According to the U.S. Department of Justice, Liu had acquired Chen’s tax information with the intent of publicly disclosing that Chen was underreporting his income and underpaying his taxes. This, it was thought, would alienate the U.S. Government from Chen and leave Chen bitter toward his adoptive country.
In March 2021, while cooperating with the FBI and with Chen’s full knowledge and consent, the Queens-based private investigator passed along to Liu copies of two of Chen’s tax returns.
“Based on his high price quotes for his artwork, we believe he definitely took in a large sum and evaded taxes, a major crime in the U.S. After obtaining evidence, spend money for court and attorney fees to totally get rid of him,” Liu wrote to Sun.
Liu and Ziburis have been in federal custody since March, charged with acting as agents of the Chinese government without registering with the Justice Department. Liu is also charged with conspiracy to bribe a federal official. Last year, when they were free, they succeeded in totally wrecking Chen’s CCP Virus sculpture. Chen immediately vowed to rebuild it. In June, a replica of CCP Virus was reestablished at Liberty Sculpture Park.
Sun, it is believed, is the prime mover behind many of the efforts at harassing and discouraging protest against the Chinese government that takes place on American soil. He has been charged with conspiracy to bribe a public official. He has likely departed the United States for either Canada, Hong Kong or China.
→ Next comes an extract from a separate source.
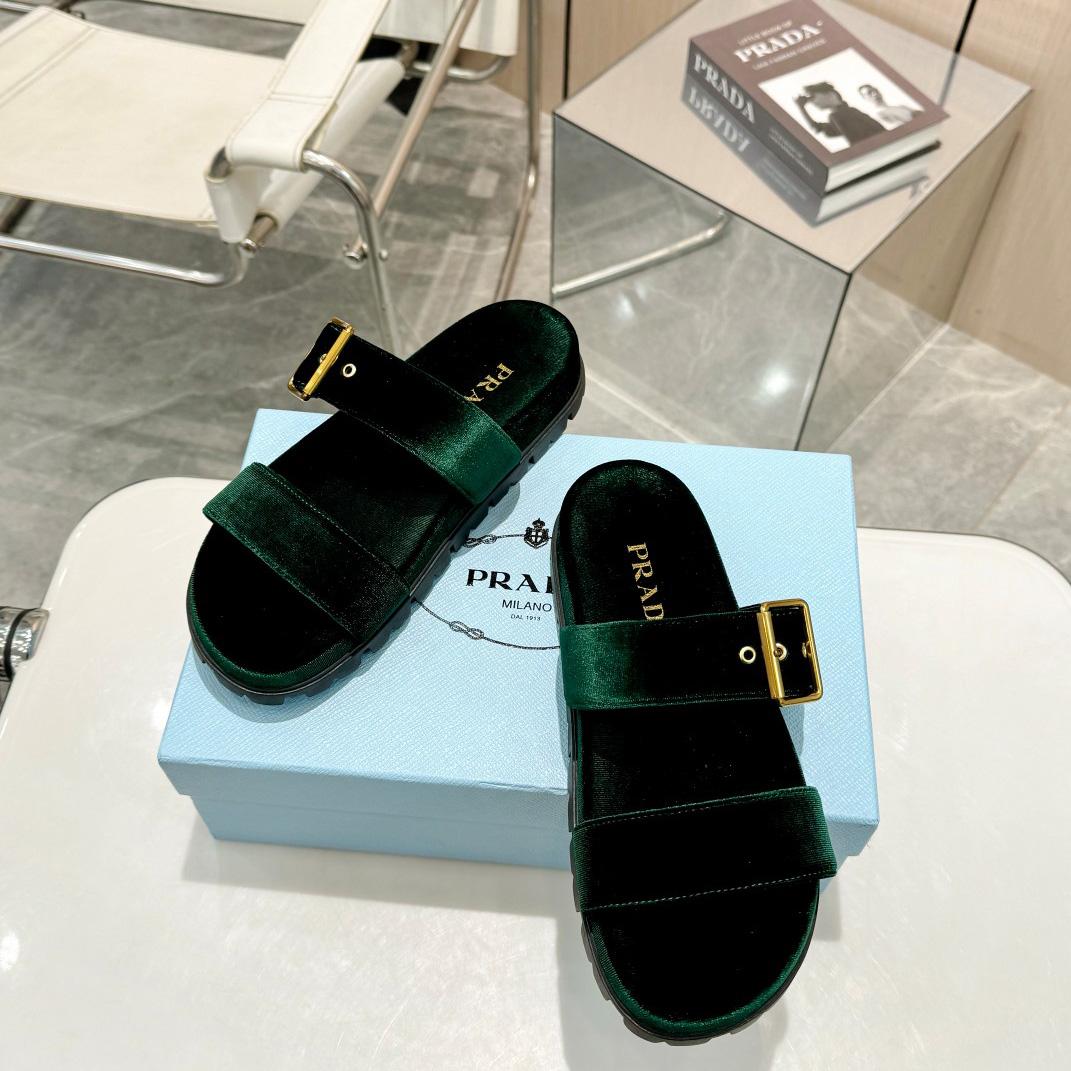 Prada Green Velvet Buckle Slides - DesignerGu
The manner in which Miller and Taylor were compromised is alarming. Each is charged with a single count of obstruction of justice. Taylor is additionally charged with making a false statement to the FBI in connection with the investigation.
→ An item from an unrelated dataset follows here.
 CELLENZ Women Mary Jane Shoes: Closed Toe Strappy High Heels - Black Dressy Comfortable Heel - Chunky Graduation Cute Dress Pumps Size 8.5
Matthew Olsen, assistant attorney general for national security, said in a statement: “We will defend the rights of people in the United States to engage in free speech and political expression, including views the People’s Republic of China government wants to silence. As charged, these individuals aided agents of a foreign government in seeking to suppress dissenting voices who have taken refuge here.”
Taylor, who ran a private investigation firm from an office in Irvine, previously worked a security detail for Space X.